What might worry Canadians, of course, is our housing slump isn’t behind us, it’s just beginning. And while few think it will resemble the U.S. crash, economists in Canada are still concerned.
That’s because even moderately weaker home sales, along with falling home construction, are likely to be major drags on our prosperity for the next couple of years.
So far, concern is focused mostly on home construction, which provides wellpaid jobs and boosts other kinds of activity, from lumber production to mortgage finance.

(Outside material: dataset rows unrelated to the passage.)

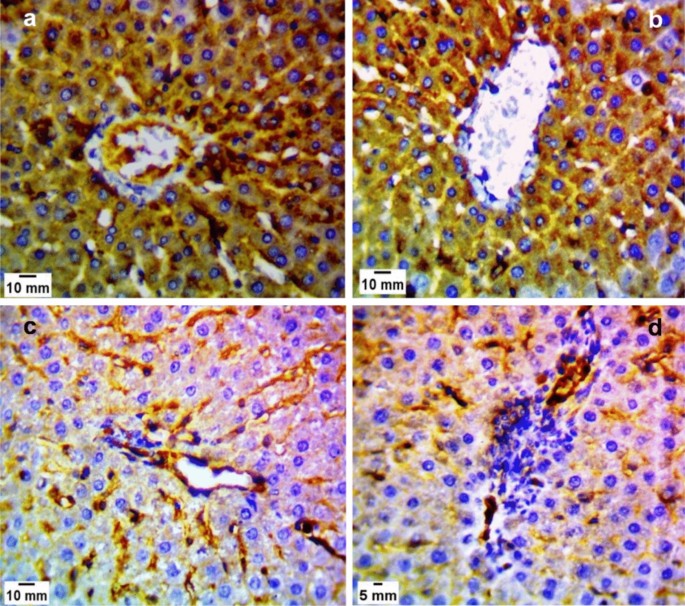 Effect Of Spiramycin Versus Aminoguanidine And Their Combined Use In Experimental Toxoplasmosis Springerlink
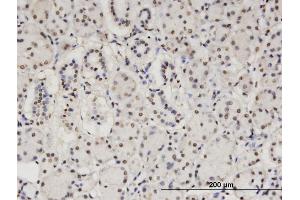 Immunoperoxidase of monoclonal antibody to CBFA2T2 on formalin-fixed paraffin-embedded human salivary gland. (CBFA2T2 antibody  (AA 201-304))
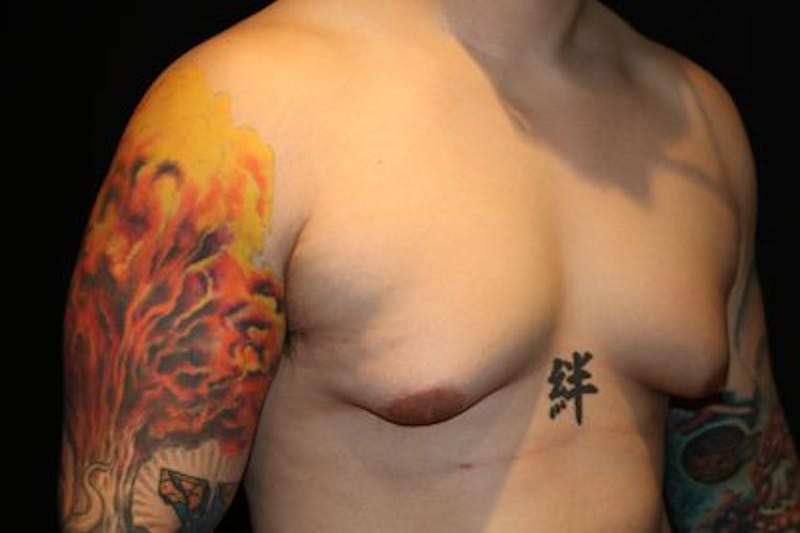 Male Breast Reduction (Gynecomastia) Before & After Gallery - Patient 372806 - Image 3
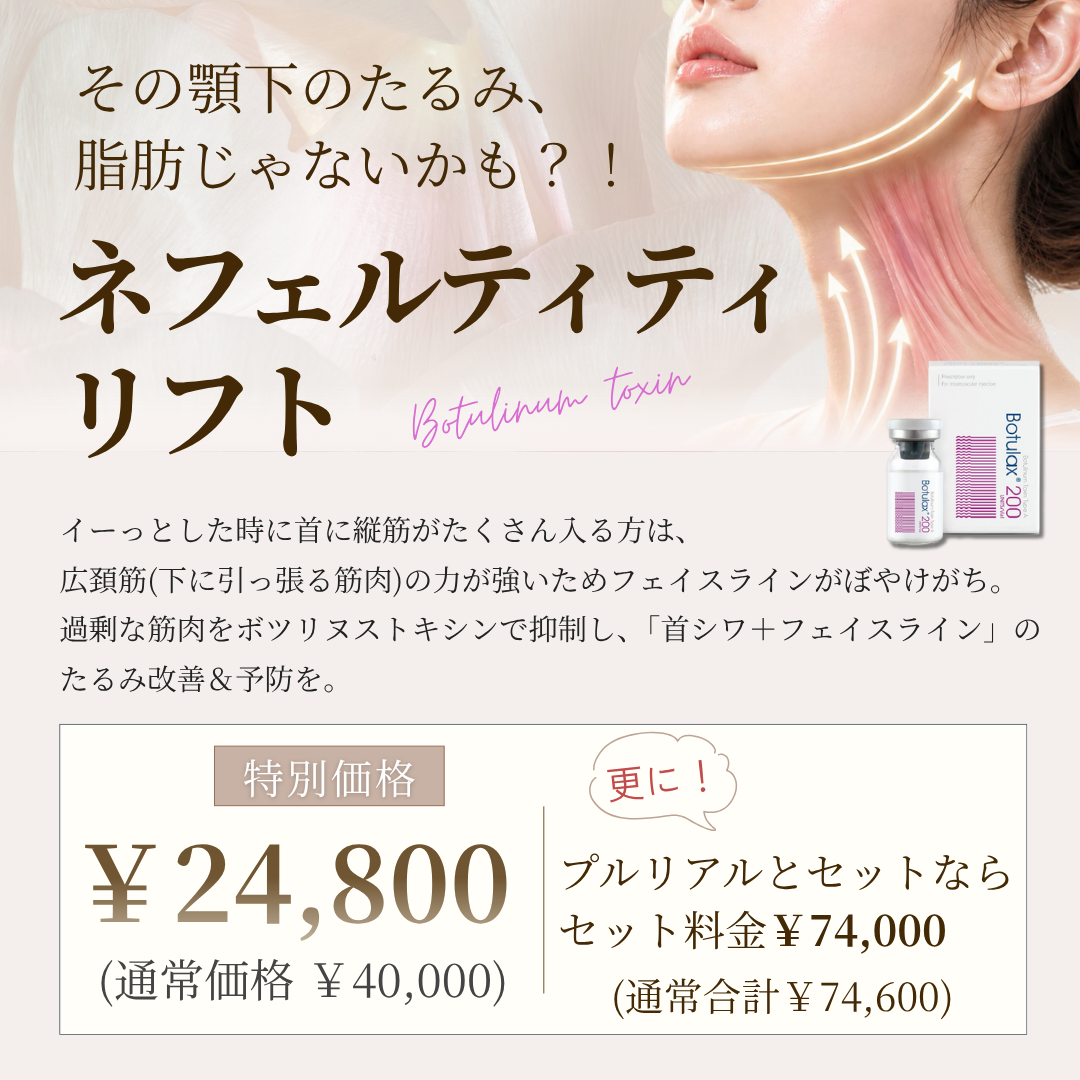 キャンペンバナー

That’s great when housing starts are rising, but it’s unpleasant when they fall.
At Capital Economics, economist David Madani estimates that residential investment accounted for a beefy one-fifth of all economic growth in Canada last year — 0.4 per cent out of two per cent total growth.
But this growth machine is already lurching into reverse.
Madani thinks falling home construction will subtract about 0.2 per cent from growth this year, helping drag the total to a mere 1.2 per cent, with another negative hit coming in 2014.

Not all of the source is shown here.